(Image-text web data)
------------------------------------------------------------------------
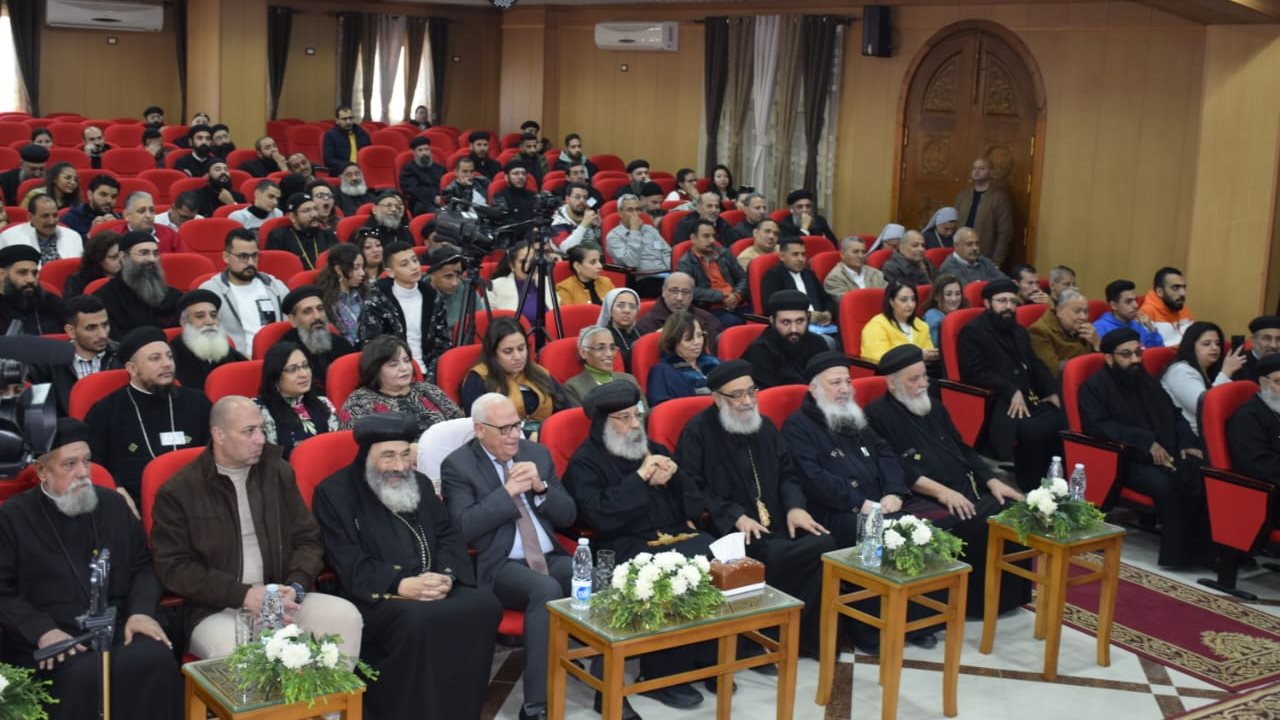 محافظ بورسعيد يشهد فعاليات لقاء منسقي مهرجان الكرازة المرقسية - قص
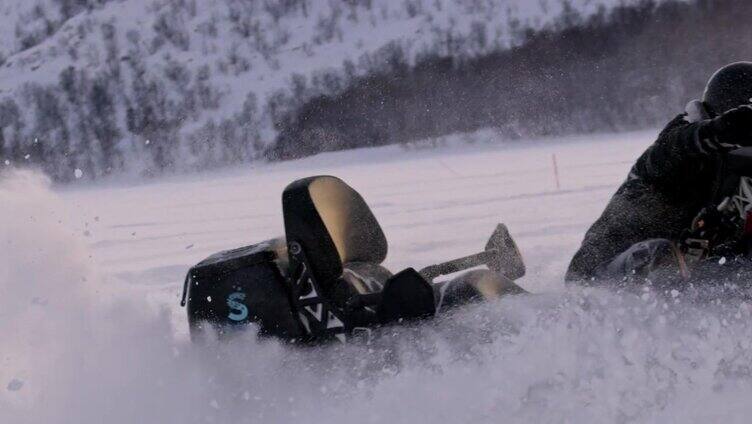 男人玩着雪地摩托飙车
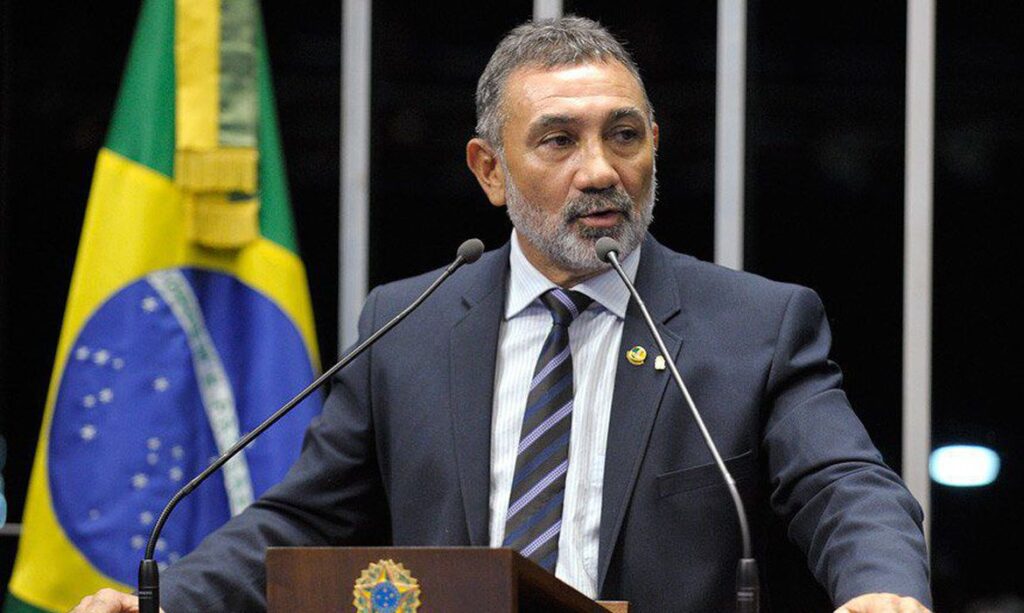 Em audios senador chama jornalista sequestrado de bandido e mau carater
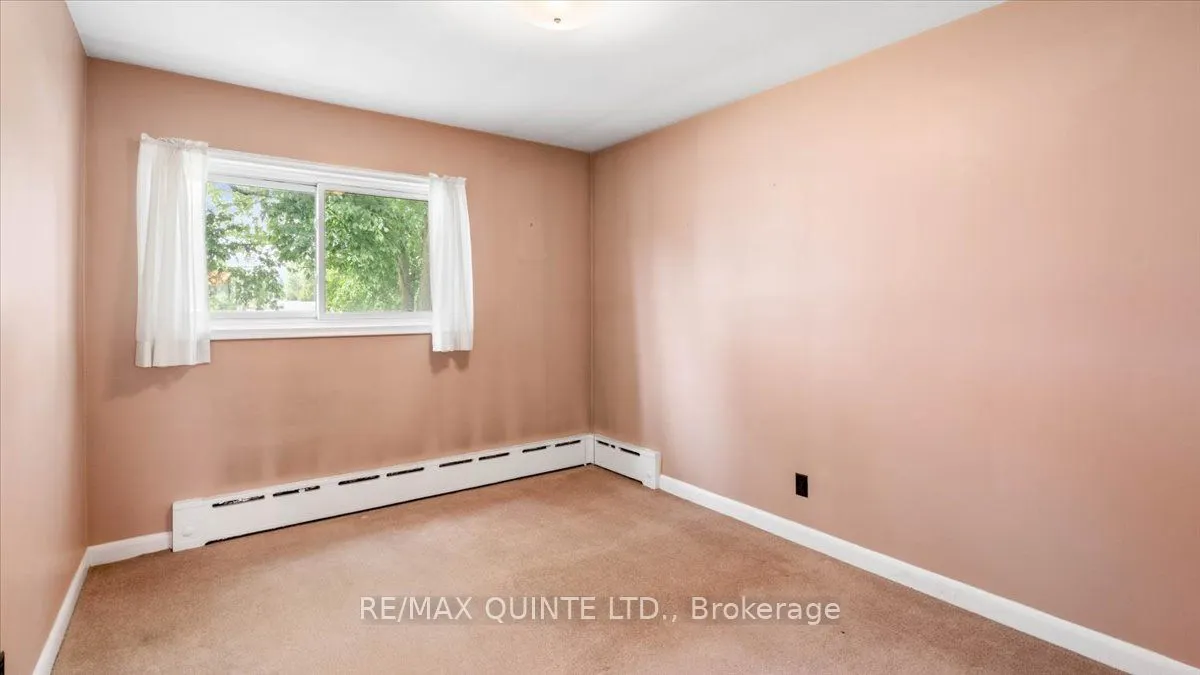 507 Dundas Street W
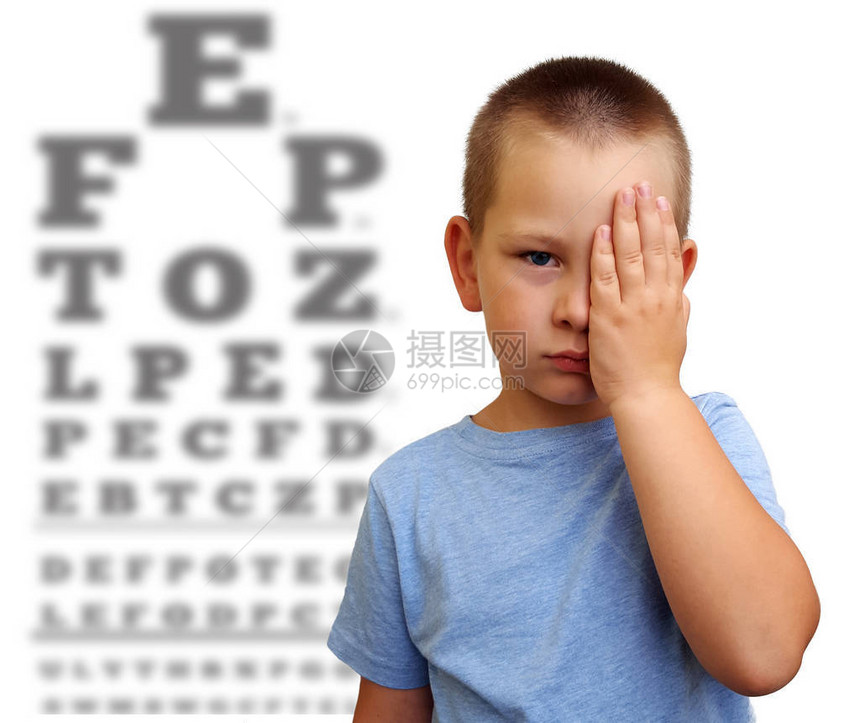 小男孩用手掌遮着一只眼睛进行视力检查后面图片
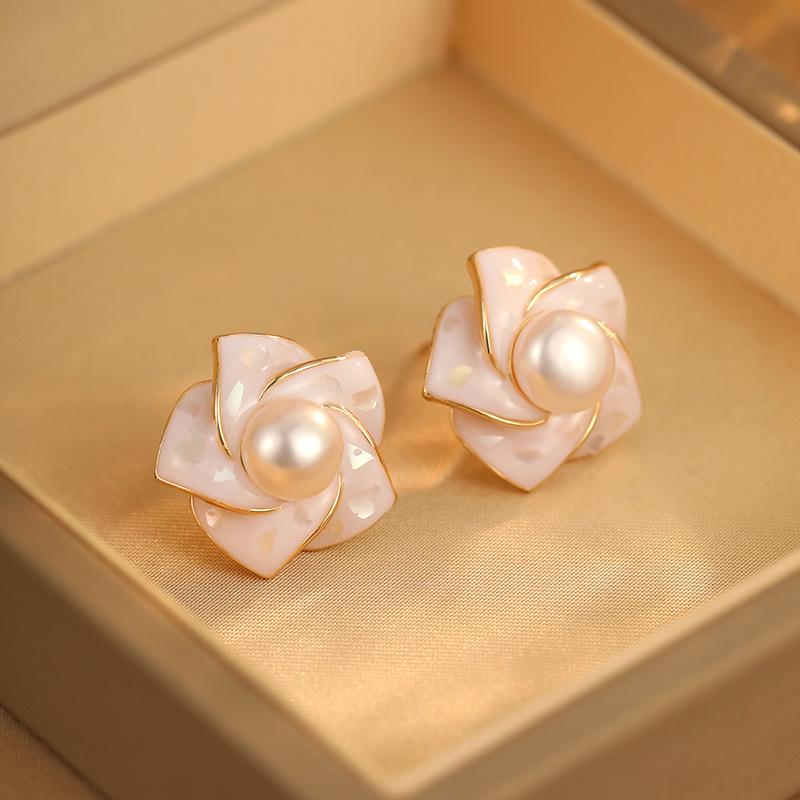 Elegant French Freshwater Pearl Camellia Earrings: Trendy Light Luxury High-End Studs for Women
------------------------------------------------------------------------
Activity
The result is an exact copy of the lines from the one holding "507 Dundas Street W" through the final line of the data above, both ends included, minus the pictures.

Your solution
 507 Dundas Street W
 小男孩用手掌遮着一只眼睛进行视力检查后面图片
 Elegant French Freshwater Pearl Camellia Earrings: Trendy Light Luxury High-End Studs for Women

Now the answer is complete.